GC7 treatment for 72 hours significantly reduces cell viability of MYCN2 (±Dox) and BE(2)-C cells in a dose-dependent way, with concentrations ranging from 0.1 to 100 μM. In MYCN2 cells, 5 μM of GC7 results in a reduction of cell viability by approximately 40% to 60% compared to untreated controls, while BE(2)-C cells need 25 μM to achieve a 50% decrease.

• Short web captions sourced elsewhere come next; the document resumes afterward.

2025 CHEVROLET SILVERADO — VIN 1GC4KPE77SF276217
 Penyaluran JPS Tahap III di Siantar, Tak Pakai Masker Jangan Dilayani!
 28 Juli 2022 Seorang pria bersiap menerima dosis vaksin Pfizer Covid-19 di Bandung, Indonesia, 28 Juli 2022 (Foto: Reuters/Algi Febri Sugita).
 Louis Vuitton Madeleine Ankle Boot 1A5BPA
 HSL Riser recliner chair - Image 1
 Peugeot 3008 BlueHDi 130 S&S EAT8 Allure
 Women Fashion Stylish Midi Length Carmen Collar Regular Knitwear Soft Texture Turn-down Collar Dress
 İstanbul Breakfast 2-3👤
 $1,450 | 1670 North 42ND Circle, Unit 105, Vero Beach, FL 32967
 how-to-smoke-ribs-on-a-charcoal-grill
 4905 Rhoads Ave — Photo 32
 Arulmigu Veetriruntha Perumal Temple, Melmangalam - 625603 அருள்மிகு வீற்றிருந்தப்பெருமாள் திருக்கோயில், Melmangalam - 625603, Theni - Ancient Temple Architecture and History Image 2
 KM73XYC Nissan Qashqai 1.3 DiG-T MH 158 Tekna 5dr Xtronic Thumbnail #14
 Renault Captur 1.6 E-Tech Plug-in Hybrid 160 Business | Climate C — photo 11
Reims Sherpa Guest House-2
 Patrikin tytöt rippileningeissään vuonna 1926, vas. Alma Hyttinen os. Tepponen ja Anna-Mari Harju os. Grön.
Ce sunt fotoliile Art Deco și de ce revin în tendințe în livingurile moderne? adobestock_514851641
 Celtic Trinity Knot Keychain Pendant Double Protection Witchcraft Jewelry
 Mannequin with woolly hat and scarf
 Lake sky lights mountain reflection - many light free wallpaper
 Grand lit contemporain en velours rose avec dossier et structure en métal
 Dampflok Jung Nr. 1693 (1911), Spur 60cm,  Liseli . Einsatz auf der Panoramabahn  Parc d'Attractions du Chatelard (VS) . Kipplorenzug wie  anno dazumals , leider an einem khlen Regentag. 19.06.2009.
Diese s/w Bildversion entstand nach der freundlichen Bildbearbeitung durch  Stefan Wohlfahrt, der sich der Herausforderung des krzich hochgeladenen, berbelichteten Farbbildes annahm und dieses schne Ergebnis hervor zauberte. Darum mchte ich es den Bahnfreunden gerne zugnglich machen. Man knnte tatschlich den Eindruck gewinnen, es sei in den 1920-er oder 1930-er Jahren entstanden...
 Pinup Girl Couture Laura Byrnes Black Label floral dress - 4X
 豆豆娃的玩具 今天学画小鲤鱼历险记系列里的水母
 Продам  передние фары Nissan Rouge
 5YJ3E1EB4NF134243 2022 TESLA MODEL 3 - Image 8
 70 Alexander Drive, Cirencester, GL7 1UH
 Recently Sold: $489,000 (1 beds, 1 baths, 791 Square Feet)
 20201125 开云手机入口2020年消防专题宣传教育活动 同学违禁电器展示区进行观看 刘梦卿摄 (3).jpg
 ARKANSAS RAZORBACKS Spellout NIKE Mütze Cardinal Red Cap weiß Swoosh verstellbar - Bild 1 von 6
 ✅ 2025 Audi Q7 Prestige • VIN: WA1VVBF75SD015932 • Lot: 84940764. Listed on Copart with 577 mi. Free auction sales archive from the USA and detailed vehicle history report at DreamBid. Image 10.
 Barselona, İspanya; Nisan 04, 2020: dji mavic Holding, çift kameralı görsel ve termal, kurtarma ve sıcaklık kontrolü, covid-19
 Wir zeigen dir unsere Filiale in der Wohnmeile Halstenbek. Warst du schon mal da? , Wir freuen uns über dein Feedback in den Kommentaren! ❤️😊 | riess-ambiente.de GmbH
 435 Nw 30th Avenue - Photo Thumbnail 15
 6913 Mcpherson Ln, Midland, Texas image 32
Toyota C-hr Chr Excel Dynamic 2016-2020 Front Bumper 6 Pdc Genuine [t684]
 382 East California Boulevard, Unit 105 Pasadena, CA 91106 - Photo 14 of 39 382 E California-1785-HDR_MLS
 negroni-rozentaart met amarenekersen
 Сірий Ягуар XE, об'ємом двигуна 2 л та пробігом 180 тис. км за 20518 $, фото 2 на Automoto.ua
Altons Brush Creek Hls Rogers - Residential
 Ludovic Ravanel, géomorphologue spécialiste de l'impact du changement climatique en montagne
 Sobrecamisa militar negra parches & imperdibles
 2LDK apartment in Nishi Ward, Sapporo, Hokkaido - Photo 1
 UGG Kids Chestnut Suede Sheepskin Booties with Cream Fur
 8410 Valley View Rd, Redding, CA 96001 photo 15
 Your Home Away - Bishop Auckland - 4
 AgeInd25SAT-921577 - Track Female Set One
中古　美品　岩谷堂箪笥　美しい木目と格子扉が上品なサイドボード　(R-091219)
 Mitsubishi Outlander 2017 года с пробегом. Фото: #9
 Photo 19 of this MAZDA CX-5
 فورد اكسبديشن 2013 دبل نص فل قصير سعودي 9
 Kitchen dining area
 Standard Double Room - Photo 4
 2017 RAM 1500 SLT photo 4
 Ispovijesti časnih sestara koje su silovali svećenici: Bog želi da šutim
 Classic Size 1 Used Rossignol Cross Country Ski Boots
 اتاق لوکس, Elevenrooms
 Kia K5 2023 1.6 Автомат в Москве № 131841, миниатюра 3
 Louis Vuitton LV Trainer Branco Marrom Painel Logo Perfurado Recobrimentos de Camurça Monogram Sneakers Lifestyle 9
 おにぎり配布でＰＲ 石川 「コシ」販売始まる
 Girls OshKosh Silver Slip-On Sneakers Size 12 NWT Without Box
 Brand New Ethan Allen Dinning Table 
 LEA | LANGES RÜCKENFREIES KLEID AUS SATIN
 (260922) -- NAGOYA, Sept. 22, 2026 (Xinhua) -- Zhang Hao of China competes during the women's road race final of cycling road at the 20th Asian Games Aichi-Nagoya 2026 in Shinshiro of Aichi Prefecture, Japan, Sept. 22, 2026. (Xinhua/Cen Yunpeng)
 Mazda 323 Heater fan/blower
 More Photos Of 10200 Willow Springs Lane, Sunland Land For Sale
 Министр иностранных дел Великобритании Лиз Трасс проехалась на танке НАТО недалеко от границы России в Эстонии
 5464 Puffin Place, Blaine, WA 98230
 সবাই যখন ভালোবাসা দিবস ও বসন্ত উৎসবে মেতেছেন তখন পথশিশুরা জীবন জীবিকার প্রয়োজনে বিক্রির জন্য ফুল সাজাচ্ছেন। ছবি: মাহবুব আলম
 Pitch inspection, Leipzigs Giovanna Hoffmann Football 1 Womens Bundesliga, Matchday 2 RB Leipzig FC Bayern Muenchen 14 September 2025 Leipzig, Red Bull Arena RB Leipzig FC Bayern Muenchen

At 10 and 100 μM concentrations, GC7 notably lowers levels of total retinoblastoma (Rb), phosphorylated Rb, and Cdk4 protein while increasing p21 protein levels. GC7 induces minimal cytotoxicity in HCC cells at concentrations between 0 and 20 μM, whereas higher concentrations from 50 to 100 μM considerably reduce the viability of all tested HCC cell lines. After treatment with 20 μM GC7, the synthesis of new 3 H-labeled hypusine of eIF5A1/eIF5A2 is rarely observed, in contrast to untreated cells. Additionally, the incorporation of [3 H]-spermidine into HCC cells is significantly decreased with GC7 concentrations of 20 μM or more.